BRADFORD men who embarked on a 30-day ‘mosque hop’ during Ramadan have spoken about their enlightening experience.

The holy month sees Muslims across the world fast from dawn to sunset, join together in prayer, and study the Quran.

Many Muslims choose to stay at one mosque throughout Ramadan.  

In search of a unique challenge, friends Asif Iqbal and Mohammed Shauaib attended 30 mosques across West Yorkshire.

They were joined by Mohammed’s 10-year-old son Mohammed Ali every day.

This included 20 in Bradford, two in Keighley, one in Huddersfield, two in Halifax, one in Manchester, three in Leeds, and one in Batley.

The journey included Quran readings by an esteemed reciter who travelled from Egypt and warm welcomes into different communities.

One mosque had an AC unit which released the lovely scent of oud throughout the building.

Many places offered free bottles of water, often donated by local businesses, and food.

Asif, who runs the popular ‘Is it Halal or Haram?’ blog, said: “I had the idea and I said, how do we do this? We ended up curating a list. We worked out how to attend each mosque every day.

Bradford Telegraph and Argus: Left to right, Mohammed Shauaib, Mohammed Ali, Fathima Sajid, and Asif IqbalLeft to right, Mohammed Shauaib, Mohammed Ali, Fathima Sajid, and Asif Iqbal (Image: Newsquest)

“I’ve seen it many years ago. They call it a ‘masjid hop’. I called it a ‘mosque hop’, just going from mosque to mosque.”

Along the way, Asif and Mohammed’s wives and Asif’s niece Fathima Sajid, 12, joined the trio at several different mosques.

Dad Mohammed said: “We just wanted to get a different experience. I’ve been going to the same mosque all my life, since I was 10 years old.
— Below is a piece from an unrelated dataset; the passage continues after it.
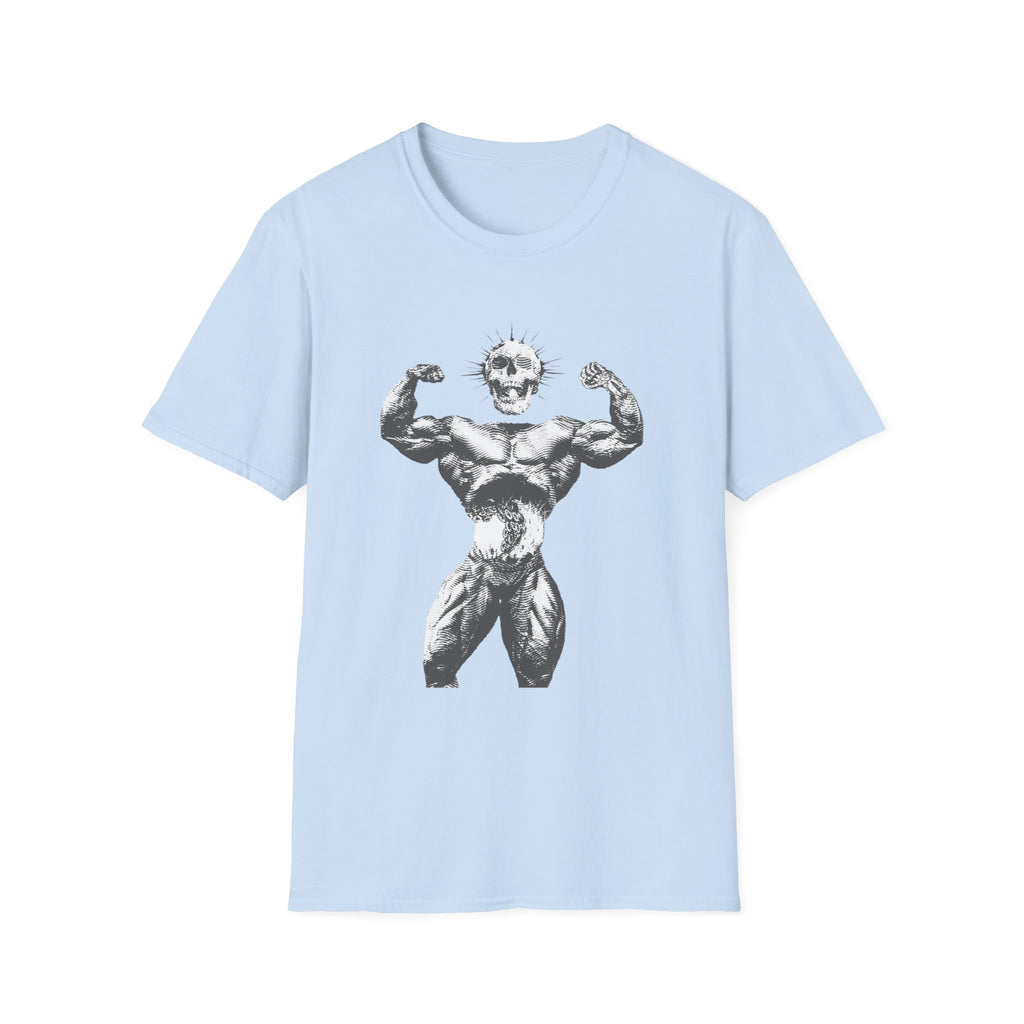 Skull Bodybuilder T-Shirt — Vintage Muscle Pose Graphic Tee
“We really enjoyed going to all the different mosques because it gave us a different feeling of the different areas and cultures, how they recite [the Quran]. What was really engaging was the beautiful recitals we’ve heard from all the various mosques. It’s amazing how many people know the holy book by heart.
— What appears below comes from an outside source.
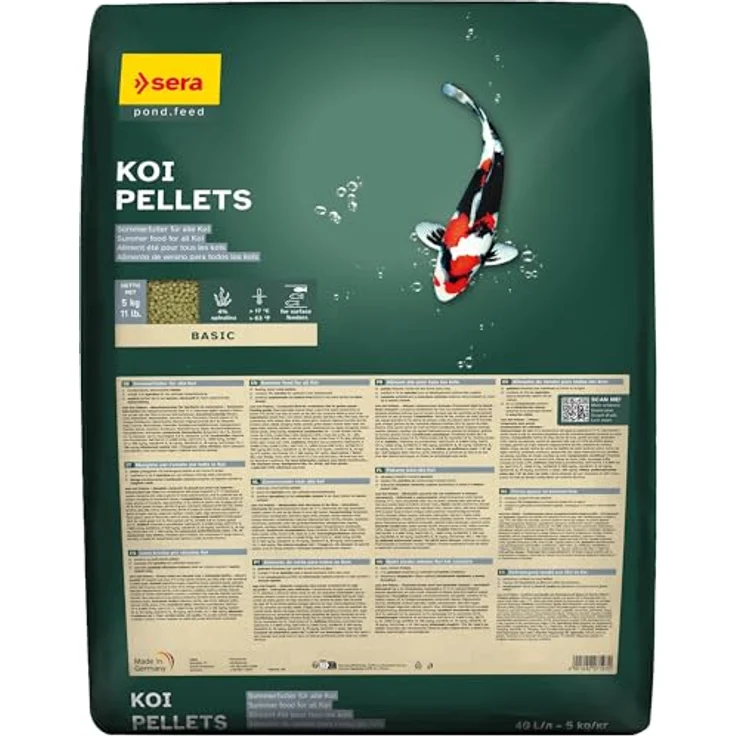 sera Koi Pellets 40 L (5 kg) | Hochwertiges Fischfutter für Koi ab 17 °C mit 4% Spirulina & Weizenkeimen | Schwimmende Pellets für gesundes Wachstum und natürliche Farbausprägung – Bild 1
“The beautiful recitations, although it was tiring at times, it kept us engaged. That’s one of the most enjoyable parts of it, the melodious voices. You look forward to the next mosque and what it’s going to offer.

“One of the mosques, Mustafa Centre, they had a reciter from Egypt come and recite after the prayers. It was just so beautifully that he read the Quran. I was told by one of my other friends he’s one of the best reciters in the world.”

Speaking about the hop’s impact on his son, he said: “Last year we stayed at the mosque in BD3. He read all 30 of them with me. I said to my son, would you like to go around 30 different mosques? His eyes just lit up. He was really excited and fascinated by the idea. He couldn’t wait to get started.”

Bradford Telegraph and Argus: Bradford blogger Asif Iqbal who runs the online brand 'Is it Halal or Haram?'Bradford blogger Asif Iqbal who runs the online brand 'Is it Halal or Haram?' (Image: UGC)

For Asif, it showed him how mosques are going beyond their port of call as a place of worship.

Across each mosque, there were different schemes and services. This included an imam offering advice over tea and biscuits and NHS teams ready to offer mental health support after prayers.

Other places had jiu-jitsu classes for children, freshly cooked food for Iftar, and even registered homeopaths.

More places than ever were offering facilities for women and children, Asif said.

Bradford Telegraph and Argus:

Asif said: “It’s amazing what’s out there. All of the mosques offered something different to the communities.

“You get to see a big change at the moment. In Manchester you had people from all walks of life or Somalians, Indonesians. You get to meet people. That was nice to see.”

Reflecting on their tour, Asif said: “It was a really good experience. It was something different every day. I loved hearing the speeches, it wasn’t just about listening to the Quran, it was a bit like bible study.

“It helped us to see the unity you get in Ramadan, that’s the biggest thing. It’s about helping everyone. It’s about your character. Every mosque we went into, that’s what they were trying to get out there.

“All religions teach the same.

“It’s just unity. That was what seems to be missing at the moment with everyone. The whole purpose is to bring communities together.”